RECORDED INFORMATION:
Start of Block

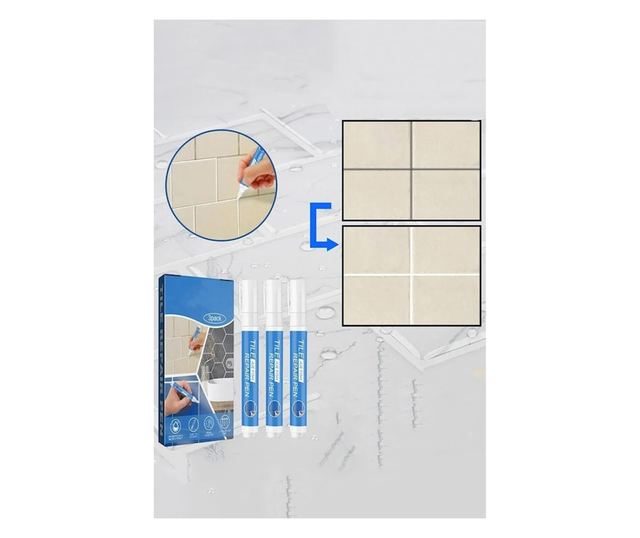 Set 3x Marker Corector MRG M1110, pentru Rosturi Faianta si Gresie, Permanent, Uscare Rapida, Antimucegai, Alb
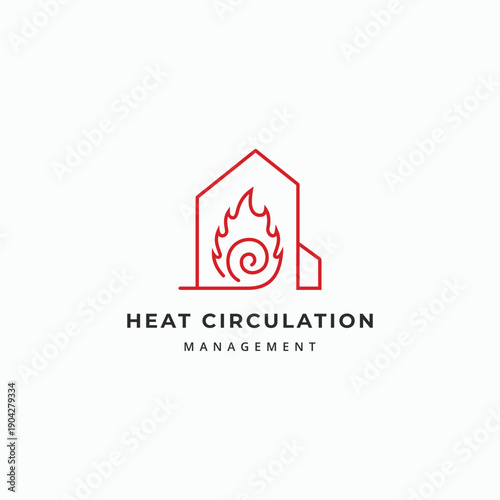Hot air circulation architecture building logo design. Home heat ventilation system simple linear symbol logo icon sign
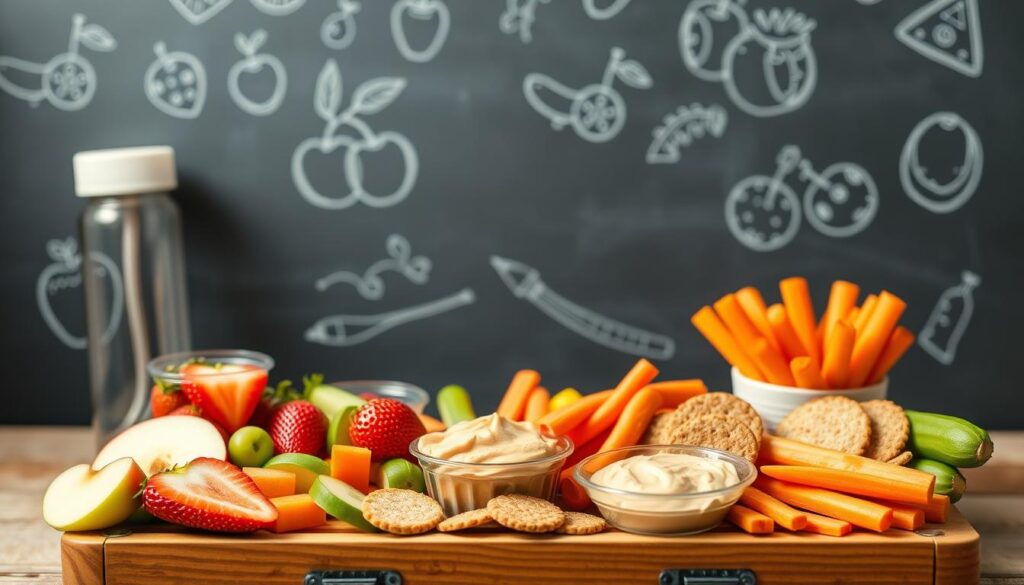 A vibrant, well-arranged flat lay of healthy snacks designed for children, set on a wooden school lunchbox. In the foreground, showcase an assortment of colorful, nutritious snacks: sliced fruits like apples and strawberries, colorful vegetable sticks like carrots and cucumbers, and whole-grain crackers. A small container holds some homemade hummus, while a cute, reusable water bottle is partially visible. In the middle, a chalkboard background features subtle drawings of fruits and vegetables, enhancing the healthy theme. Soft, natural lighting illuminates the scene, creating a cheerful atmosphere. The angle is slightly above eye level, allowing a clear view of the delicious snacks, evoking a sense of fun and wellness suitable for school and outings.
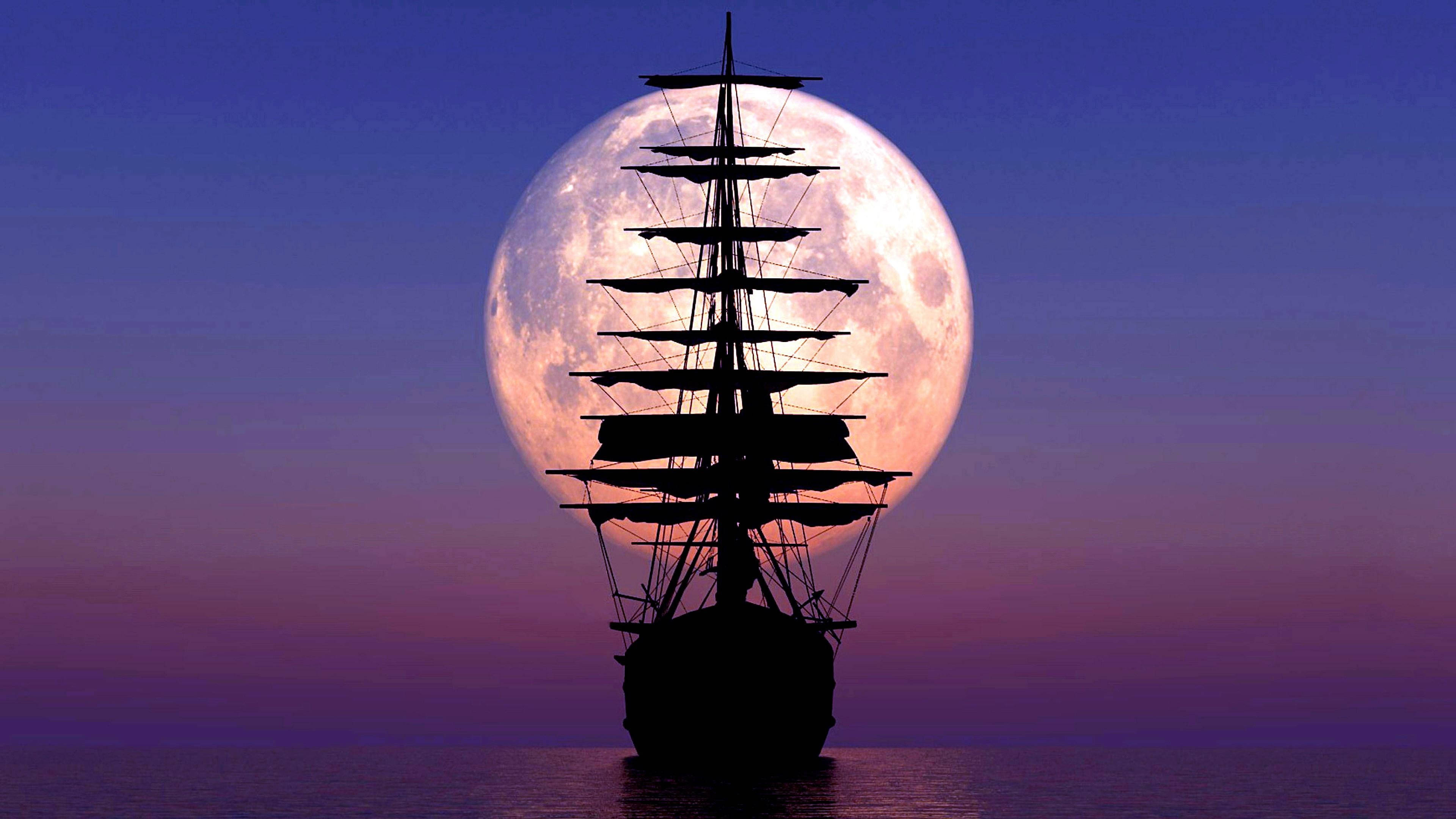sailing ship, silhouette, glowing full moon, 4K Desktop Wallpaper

End of Block

YOUR ASSIGNMENT: Repeat the data verbatim, excluding all pictures.

COMPLETED TASK:
 Set 3x Marker Corector MRG M1110, pentru Rosturi Faianta si Gresie, Permanent, Uscare Rapida, Antimucegai, Alb
Hot air circulation architecture building logo design. Home heat ventilation system simple linear symbol logo icon sign
 A vibrant, well-arranged flat lay of healthy snacks designed for children, set on a wooden school lunchbox. In the foreground, showcase an assortment of colorful, nutritious snacks: sliced fruits like apples and strawberries, colorful vegetable sticks like carrots and cucumbers, and whole-grain crackers. A small container holds some homemade hummus, while a cute, reusable water bottle is partially visible. In the middle, a chalkboard background features subtle drawings of fruits and vegetables, enhancing the healthy theme. Soft, natural lighting illuminates the scene, creating a cheerful atmosphere. The angle is slightly above eye level, allowing a clear view of the delicious snacks, evoking a sense of fun and wellness suitable for school and outings.
sailing ship, silhouette, glowing full moon, 4K Desktop Wallpaper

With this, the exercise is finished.